Foram 1.194 na mata atlântica, 966 no cerrado e 582 na Amazônia. A estimativa é que existam entre 40 mil e 60 mil espécies de angiospermas no país. O grupo representa a maioria da espécies vegetais.
Apesar de toda a destruição da mata atlântica --da qual restam apenas 7% de área original preservada-- essa floresta ainda é uma das mais ricas em biodiversidade no mundo. Segundo a Fundação SOS Mata Atlântica, ela detém o recorde de plantas lenhosas por hectare (450 espécies no sul da Bahia), por exemplo.
De acordo com o autor da pesquisa, Marcos Sobral, os dados demonstram principalmente a falta de investimento em pesquisas na Amazônia. "A região amazônica tem uma quantidade muito pequena de descobertas, proporcionalmente, se considerarmos que o bioma ocupa 49% do território.
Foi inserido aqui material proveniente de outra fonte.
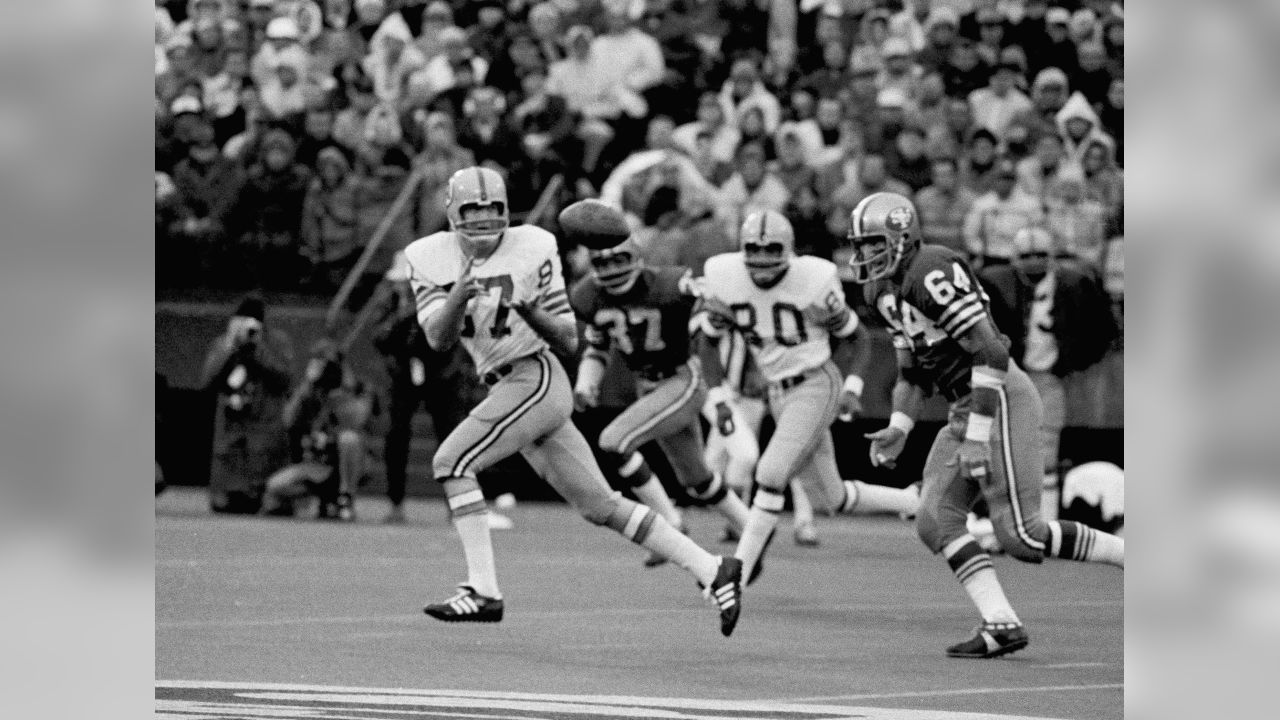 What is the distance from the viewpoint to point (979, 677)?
25.8ft

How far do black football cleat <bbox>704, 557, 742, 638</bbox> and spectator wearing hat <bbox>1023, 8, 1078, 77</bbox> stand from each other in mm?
8887

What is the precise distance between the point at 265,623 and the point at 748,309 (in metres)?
2.93

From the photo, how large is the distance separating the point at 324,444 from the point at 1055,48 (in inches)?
259

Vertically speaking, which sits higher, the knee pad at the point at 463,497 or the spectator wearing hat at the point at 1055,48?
the spectator wearing hat at the point at 1055,48

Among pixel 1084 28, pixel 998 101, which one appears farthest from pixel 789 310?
pixel 1084 28

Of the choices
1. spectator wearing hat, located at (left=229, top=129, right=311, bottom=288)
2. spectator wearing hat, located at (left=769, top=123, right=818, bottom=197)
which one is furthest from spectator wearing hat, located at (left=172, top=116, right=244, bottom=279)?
spectator wearing hat, located at (left=769, top=123, right=818, bottom=197)

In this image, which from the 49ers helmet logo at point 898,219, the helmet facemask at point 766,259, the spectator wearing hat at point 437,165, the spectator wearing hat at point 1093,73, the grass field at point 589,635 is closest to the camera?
the grass field at point 589,635

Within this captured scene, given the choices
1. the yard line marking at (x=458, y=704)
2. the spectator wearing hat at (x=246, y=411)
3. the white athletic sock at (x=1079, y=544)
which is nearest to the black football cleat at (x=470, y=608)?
the yard line marking at (x=458, y=704)

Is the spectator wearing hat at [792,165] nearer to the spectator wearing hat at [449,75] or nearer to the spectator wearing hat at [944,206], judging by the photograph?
the spectator wearing hat at [944,206]

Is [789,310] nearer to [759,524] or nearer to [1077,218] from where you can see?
[759,524]

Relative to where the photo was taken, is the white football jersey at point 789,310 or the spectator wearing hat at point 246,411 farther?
the spectator wearing hat at point 246,411

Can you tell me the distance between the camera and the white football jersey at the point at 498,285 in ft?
28.2

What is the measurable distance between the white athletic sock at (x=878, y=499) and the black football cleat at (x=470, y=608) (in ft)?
9.04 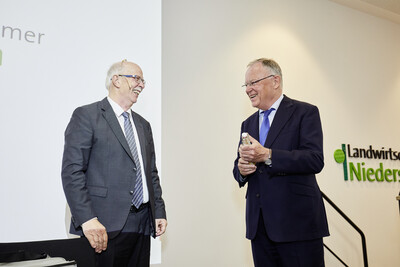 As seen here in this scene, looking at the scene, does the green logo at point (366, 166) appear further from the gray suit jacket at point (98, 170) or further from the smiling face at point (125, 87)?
the gray suit jacket at point (98, 170)

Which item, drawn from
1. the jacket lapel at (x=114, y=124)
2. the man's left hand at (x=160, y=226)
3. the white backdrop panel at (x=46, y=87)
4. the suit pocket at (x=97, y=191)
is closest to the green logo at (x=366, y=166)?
the white backdrop panel at (x=46, y=87)

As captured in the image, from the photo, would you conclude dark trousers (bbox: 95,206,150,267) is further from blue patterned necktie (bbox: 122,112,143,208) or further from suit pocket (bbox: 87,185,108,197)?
suit pocket (bbox: 87,185,108,197)

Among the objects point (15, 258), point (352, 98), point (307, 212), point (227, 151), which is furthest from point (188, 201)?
point (352, 98)

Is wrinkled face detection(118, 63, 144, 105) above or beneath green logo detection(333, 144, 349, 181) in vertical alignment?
above

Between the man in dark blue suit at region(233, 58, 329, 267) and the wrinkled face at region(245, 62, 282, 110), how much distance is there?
133 mm

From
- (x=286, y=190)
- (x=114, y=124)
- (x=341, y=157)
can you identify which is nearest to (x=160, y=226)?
(x=114, y=124)

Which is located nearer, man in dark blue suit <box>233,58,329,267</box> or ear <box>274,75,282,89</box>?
man in dark blue suit <box>233,58,329,267</box>

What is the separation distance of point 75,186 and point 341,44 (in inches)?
190

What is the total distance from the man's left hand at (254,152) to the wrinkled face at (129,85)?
0.73 meters

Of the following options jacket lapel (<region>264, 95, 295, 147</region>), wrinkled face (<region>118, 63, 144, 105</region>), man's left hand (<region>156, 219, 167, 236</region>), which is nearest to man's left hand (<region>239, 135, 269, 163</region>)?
jacket lapel (<region>264, 95, 295, 147</region>)

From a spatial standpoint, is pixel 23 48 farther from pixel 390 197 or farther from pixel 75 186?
pixel 390 197

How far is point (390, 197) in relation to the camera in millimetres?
5547

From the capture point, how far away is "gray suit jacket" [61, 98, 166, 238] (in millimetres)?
1828

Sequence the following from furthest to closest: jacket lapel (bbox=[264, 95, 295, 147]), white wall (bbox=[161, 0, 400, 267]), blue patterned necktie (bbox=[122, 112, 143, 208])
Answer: white wall (bbox=[161, 0, 400, 267]) < jacket lapel (bbox=[264, 95, 295, 147]) < blue patterned necktie (bbox=[122, 112, 143, 208]) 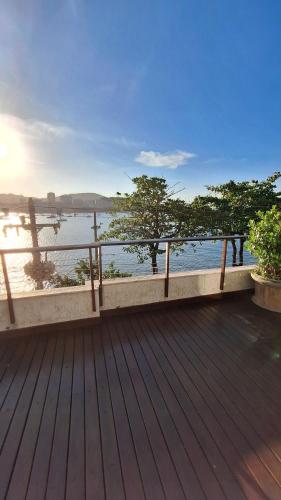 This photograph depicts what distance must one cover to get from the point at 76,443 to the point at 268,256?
9.25ft

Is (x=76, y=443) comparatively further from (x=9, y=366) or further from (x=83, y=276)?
(x=83, y=276)

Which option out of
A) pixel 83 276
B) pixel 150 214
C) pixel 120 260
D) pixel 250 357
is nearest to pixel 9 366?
pixel 250 357

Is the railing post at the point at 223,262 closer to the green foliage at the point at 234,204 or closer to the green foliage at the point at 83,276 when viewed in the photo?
the green foliage at the point at 83,276

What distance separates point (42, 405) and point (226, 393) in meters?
1.34

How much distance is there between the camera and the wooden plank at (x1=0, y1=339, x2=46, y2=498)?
109cm

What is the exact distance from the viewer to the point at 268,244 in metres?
2.79

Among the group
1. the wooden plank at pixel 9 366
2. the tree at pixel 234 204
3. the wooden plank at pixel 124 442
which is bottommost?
the wooden plank at pixel 9 366

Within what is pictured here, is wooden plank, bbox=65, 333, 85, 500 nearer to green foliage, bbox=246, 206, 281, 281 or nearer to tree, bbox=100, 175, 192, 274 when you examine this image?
green foliage, bbox=246, 206, 281, 281

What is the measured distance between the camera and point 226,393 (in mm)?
1582

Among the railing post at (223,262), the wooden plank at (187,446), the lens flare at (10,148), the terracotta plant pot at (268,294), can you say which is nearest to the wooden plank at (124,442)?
the wooden plank at (187,446)

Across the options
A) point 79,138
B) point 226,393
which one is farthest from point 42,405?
point 79,138

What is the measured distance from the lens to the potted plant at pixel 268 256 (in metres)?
2.74

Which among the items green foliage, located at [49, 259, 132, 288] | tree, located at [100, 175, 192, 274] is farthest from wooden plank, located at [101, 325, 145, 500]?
tree, located at [100, 175, 192, 274]

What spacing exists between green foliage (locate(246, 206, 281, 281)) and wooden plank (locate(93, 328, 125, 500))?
2.44 metres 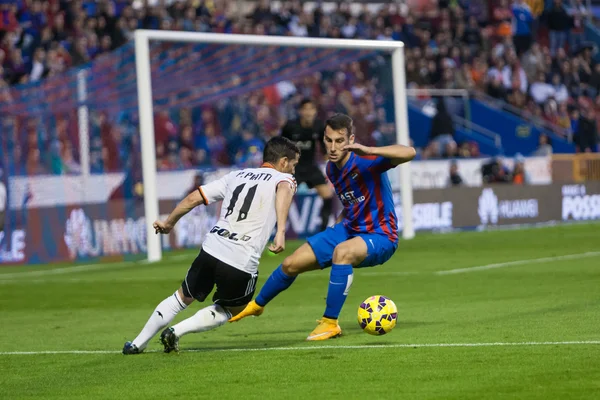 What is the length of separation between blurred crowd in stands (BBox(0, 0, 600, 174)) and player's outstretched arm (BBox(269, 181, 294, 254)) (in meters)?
12.7

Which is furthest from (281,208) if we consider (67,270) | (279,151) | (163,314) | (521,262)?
(67,270)

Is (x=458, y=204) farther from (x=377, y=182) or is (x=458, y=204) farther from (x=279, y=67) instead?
(x=377, y=182)

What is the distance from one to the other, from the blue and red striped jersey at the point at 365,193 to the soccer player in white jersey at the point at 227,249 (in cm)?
113

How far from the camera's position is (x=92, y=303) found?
44.1ft

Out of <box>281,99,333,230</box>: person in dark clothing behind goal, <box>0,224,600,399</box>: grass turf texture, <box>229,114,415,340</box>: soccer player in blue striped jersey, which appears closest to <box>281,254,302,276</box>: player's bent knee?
<box>229,114,415,340</box>: soccer player in blue striped jersey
Há um lapso de coleta."
Para seu orientador, João Renato Stehmann, do Departamento de Botânica da UFMG, a "urgência de se descrever" as novas espécies dos nossos biomas "reside no risco de extinção que muitas delas correm", já que várias possuem distribuição geográfica restrita.
Segundo ele, nas regiões Sul e Sudeste já existe uma massa crítica de conhecimento que permite encontrar espécies novas. "Em outras regiões do país há um vazio de taxonomistas [especialistas em classificação de organismos]", diz. "A maioria dos taxonomistas que havia nessas instituições se aposentou e não houve reposição."
Segundo Stehmann, só há dois programas de pós-graduação em botânica na Amazônia.
Taxomomistas em falta
O chefe do Departamento de Botânica da USP (Universidade de São Paulo), José Rubens Pirani, diz que o país não encerrou as etapas de exploração e descobrimento de plantas há muito superadas em países onde os estudos iniciaram há mais tempo e que têm menor diversidade, como os da Europa.
"É verdade que a mata atlântica sofreu extensa devastação, mas nas áreas remanescentes continuam a ser descobertos táxons [categorias] novos regularmente", afirma.
Pirani atualmente descreve três espécies de arvoretas da família da laranja. Uma é do interior da Bahia, e as outras, do Espírito Santo --uma delas é o primeiro registro do gênero Spiranthera na mata atlântica.
"Aparentemente, temos no Brasil muito mais gente trabalhando em sistemática vegetal fora da Amazônia, daí uma razão incontestável para a taxa de descobertas mais baixa naquela vastidão com tanto a explorar", afirma Pirani. Tanto para Sobral quanto para Stehmann, embora a taxonomia no Brasil tenha iniciado no século 19, ainda estamos longe de ter um corpo de pesquisa desejável.